Digital Advertising Lecture for Advanced Digital & Social Media Strategy at U...Digital Advertising Lecture for Advanced Digital & Social Media Strategy at U...
Digital Advertising Lecture for Advanced Digital & Social Media Strategy at U...
 
Top profile Call Girls In Latur [ 7014168258 ] Call Me For Genuine Models We ...
Top profile Call Girls In Latur [ 7014168258 ] Call Me For Genuine Models We ...Top profile Call Girls In Latur [ 7014168258 ] Call Me For Genuine Models We ...

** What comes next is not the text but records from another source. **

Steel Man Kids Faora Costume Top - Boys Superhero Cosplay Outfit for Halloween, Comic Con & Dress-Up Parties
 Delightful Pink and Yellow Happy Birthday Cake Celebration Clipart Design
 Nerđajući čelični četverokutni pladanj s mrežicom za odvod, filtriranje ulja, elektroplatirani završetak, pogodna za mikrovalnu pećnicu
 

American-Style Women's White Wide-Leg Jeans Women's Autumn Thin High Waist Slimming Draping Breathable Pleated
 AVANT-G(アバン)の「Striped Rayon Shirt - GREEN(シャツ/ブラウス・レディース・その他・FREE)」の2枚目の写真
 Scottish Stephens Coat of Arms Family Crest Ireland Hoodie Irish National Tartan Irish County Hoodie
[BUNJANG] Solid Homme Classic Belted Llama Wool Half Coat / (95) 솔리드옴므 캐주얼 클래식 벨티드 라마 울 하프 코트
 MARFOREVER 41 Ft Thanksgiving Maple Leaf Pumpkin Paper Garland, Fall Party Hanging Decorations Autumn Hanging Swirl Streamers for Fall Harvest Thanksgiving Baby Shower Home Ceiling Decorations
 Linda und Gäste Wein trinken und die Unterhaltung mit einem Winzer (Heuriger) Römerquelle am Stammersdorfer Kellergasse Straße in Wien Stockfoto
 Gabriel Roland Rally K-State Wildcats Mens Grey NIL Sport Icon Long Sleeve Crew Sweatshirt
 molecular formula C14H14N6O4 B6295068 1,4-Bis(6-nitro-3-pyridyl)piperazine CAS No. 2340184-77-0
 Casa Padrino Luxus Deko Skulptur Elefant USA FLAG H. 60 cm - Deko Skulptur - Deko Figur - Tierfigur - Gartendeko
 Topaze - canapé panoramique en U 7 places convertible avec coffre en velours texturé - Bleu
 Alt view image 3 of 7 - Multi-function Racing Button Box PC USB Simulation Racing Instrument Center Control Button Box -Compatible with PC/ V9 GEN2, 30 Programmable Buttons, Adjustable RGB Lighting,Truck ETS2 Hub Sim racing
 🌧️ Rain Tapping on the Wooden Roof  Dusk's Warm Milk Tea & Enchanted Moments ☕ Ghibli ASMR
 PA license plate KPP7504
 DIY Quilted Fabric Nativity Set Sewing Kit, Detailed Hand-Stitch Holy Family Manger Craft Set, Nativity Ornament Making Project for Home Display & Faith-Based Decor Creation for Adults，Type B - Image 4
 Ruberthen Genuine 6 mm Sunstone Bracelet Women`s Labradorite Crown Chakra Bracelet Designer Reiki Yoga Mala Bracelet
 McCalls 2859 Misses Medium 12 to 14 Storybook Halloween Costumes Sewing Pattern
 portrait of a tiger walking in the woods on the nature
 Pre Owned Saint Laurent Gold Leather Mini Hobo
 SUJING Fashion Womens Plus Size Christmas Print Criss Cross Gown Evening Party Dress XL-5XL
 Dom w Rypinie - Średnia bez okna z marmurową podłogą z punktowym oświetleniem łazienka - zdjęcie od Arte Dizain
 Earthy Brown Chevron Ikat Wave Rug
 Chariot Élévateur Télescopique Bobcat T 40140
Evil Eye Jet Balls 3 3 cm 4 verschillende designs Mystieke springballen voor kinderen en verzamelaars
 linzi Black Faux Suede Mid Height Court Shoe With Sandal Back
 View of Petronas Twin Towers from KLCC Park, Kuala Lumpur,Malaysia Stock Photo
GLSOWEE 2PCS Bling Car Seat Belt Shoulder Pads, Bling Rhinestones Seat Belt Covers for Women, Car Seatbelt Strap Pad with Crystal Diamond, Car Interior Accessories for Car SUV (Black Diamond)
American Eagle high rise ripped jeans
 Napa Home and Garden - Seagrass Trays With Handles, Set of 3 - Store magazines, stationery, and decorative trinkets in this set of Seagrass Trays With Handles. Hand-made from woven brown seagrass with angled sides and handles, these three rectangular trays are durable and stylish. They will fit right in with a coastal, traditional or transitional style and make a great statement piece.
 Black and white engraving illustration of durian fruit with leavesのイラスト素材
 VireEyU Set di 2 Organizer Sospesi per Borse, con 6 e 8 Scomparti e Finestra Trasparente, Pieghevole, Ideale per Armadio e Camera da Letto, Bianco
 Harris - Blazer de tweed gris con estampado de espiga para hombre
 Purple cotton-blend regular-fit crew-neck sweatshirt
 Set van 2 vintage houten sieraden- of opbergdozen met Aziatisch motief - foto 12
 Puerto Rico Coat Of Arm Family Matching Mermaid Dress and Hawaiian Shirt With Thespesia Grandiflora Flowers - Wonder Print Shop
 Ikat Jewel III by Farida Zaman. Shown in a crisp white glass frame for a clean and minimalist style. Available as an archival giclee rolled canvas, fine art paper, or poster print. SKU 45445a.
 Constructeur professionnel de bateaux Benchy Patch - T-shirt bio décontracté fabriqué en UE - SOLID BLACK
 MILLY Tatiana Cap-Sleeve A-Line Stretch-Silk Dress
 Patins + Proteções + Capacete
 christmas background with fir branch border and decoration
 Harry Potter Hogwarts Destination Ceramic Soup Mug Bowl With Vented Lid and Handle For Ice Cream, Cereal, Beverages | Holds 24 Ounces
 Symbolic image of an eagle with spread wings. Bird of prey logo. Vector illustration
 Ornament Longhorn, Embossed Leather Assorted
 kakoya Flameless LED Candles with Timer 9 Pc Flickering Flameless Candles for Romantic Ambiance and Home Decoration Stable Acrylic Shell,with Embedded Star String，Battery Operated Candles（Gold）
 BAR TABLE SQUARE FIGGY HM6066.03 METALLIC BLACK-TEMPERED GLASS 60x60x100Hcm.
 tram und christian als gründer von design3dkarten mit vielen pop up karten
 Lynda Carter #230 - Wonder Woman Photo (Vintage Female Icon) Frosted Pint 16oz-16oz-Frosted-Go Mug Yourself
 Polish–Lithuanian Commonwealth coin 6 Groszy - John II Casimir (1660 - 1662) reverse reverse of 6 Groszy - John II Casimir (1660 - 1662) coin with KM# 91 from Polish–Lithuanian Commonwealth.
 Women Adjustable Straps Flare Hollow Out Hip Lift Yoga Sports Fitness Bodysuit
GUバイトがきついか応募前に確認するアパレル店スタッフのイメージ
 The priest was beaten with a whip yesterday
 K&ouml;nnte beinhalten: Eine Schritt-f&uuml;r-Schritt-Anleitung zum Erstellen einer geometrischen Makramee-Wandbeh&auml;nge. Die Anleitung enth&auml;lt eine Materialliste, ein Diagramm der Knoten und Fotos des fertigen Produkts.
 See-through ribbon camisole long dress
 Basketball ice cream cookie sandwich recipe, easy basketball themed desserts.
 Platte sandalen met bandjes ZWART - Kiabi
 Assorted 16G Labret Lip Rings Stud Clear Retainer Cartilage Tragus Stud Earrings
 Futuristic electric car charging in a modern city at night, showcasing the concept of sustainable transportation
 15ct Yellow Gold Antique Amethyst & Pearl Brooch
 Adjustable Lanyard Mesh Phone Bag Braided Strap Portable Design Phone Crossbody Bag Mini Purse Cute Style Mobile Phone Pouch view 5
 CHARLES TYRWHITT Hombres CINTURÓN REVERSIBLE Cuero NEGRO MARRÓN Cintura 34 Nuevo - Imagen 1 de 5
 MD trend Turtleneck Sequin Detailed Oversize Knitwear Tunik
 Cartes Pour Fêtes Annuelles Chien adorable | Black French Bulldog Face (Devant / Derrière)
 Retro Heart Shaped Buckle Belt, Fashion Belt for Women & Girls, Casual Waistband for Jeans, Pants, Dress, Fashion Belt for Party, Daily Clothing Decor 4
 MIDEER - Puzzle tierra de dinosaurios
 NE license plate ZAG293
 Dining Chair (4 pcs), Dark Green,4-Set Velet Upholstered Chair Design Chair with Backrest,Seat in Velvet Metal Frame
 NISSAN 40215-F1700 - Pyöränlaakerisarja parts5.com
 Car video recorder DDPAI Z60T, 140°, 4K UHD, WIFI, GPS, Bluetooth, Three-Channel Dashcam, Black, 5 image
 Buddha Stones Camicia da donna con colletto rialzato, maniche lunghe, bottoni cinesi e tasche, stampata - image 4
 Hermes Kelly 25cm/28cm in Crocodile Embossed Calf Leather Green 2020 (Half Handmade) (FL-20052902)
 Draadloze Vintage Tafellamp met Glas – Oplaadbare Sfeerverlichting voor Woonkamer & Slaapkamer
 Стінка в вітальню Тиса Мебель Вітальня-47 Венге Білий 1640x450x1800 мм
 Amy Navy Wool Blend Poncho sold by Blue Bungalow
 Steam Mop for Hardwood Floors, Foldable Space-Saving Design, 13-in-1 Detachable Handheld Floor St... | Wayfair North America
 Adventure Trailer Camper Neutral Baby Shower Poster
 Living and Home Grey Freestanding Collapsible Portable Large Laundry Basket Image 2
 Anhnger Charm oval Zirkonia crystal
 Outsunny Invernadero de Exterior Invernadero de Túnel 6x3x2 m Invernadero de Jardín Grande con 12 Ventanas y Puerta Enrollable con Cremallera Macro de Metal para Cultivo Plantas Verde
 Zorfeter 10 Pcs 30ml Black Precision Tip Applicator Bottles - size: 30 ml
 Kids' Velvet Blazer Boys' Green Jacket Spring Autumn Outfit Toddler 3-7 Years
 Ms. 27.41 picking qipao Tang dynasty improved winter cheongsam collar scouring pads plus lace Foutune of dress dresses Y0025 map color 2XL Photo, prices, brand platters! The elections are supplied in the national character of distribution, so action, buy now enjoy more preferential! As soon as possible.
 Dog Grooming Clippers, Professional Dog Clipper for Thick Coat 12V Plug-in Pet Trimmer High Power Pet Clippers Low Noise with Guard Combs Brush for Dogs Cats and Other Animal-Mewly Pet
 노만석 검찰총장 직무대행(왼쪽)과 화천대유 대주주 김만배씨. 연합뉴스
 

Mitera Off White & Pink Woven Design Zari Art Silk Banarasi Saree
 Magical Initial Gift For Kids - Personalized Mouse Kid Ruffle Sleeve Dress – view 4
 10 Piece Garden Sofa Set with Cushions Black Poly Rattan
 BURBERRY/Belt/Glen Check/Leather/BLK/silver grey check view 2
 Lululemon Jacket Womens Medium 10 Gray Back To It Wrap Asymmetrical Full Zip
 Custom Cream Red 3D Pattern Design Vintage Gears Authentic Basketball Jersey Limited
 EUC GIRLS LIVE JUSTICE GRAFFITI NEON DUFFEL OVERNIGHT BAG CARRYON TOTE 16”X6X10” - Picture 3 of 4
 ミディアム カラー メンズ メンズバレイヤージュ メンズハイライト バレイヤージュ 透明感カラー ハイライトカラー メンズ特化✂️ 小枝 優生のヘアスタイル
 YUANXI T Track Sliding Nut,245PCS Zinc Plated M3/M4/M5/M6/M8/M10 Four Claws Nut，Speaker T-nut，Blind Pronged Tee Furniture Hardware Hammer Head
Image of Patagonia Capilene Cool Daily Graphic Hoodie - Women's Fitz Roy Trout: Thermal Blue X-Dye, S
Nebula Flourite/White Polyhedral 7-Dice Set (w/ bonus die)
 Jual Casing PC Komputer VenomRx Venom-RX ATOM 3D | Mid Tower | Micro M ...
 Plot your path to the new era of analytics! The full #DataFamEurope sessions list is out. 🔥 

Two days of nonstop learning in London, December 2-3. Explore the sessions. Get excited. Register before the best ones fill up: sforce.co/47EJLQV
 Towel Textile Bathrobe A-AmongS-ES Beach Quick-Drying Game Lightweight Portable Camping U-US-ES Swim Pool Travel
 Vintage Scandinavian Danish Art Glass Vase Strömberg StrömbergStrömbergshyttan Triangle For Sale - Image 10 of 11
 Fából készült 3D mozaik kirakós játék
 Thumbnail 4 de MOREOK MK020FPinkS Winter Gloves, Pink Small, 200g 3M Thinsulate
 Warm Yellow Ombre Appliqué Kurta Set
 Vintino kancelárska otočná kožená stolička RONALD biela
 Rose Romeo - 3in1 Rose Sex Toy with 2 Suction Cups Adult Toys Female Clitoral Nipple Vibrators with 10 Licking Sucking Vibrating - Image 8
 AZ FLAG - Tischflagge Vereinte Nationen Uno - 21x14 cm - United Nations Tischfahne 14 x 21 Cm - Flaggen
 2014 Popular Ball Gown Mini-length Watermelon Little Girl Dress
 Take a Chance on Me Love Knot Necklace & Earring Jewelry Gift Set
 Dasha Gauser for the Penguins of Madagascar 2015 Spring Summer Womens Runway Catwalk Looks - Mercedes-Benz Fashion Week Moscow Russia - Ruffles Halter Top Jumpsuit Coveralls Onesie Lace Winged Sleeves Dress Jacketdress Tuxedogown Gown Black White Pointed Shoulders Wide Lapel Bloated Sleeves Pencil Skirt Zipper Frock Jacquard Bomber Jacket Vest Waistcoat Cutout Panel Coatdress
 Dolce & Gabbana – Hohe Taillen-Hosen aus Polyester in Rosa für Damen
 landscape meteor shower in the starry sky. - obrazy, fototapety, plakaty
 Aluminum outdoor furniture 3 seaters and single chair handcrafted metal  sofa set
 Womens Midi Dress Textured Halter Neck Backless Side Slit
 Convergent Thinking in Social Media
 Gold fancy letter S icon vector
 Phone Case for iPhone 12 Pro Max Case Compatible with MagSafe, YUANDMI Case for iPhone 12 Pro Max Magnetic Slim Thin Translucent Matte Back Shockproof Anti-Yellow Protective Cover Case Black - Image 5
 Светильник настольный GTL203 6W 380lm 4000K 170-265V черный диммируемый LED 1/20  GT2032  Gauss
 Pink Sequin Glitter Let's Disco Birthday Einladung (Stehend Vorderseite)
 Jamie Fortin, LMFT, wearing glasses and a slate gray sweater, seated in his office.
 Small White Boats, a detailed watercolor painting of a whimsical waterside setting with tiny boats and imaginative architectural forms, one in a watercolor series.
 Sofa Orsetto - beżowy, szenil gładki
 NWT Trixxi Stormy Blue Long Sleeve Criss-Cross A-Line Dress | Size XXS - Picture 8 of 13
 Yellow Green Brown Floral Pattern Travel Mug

Top profile Call Girls In Latur [ 7014168258 ] Call Me For Genuine Models We ...
 
DATA SUMMIT 24 Building Real-Time Pipelines With FLaNK
DATA SUMMIT 24  Building Real-Time Pipelines With FLaNKDATA SUMMIT 24  Building Real-Time Pipelines With FLaNK
DATA SUMMIT 24 Building Real-Time Pipelines With FLaNK
 
Predicting HDB Resale Prices - Conducting Linear Regression Analysis With Orange
Predicting HDB Resale Prices - Conducting Linear Regression Analysis With OrangePredicting HDB Resale Prices - Conducting Linear Regression Analysis With Orange
Predicting HDB Resale Prices - Conducting Linear Regression Analysis With Orange
 
Top profile Call Girls In Bihar Sharif [ 7014168258 ] Call Me For Genuine Mod...
Top profile Call Girls In Bihar Sharif [ 7014168258 ] Call Me For Genuine Mod...Top profile Call Girls In Bihar Sharif [ 7014168258 ] Call Me For Genuine Mod...
Top profile Call Girls In Bihar Sharif [ 7014168258 ] Call Me For Genuine Mod...
 
Top profile Call Girls In Satna [ 7014168258 ] Call Me For Genuine Models We ...
Top profile Call Girls In Satna [ 7014168258 ] Call Me For Genuine Models We ...Top profile Call Girls In Satna [ 7014168258 ] Call Me For Genuine Models We ...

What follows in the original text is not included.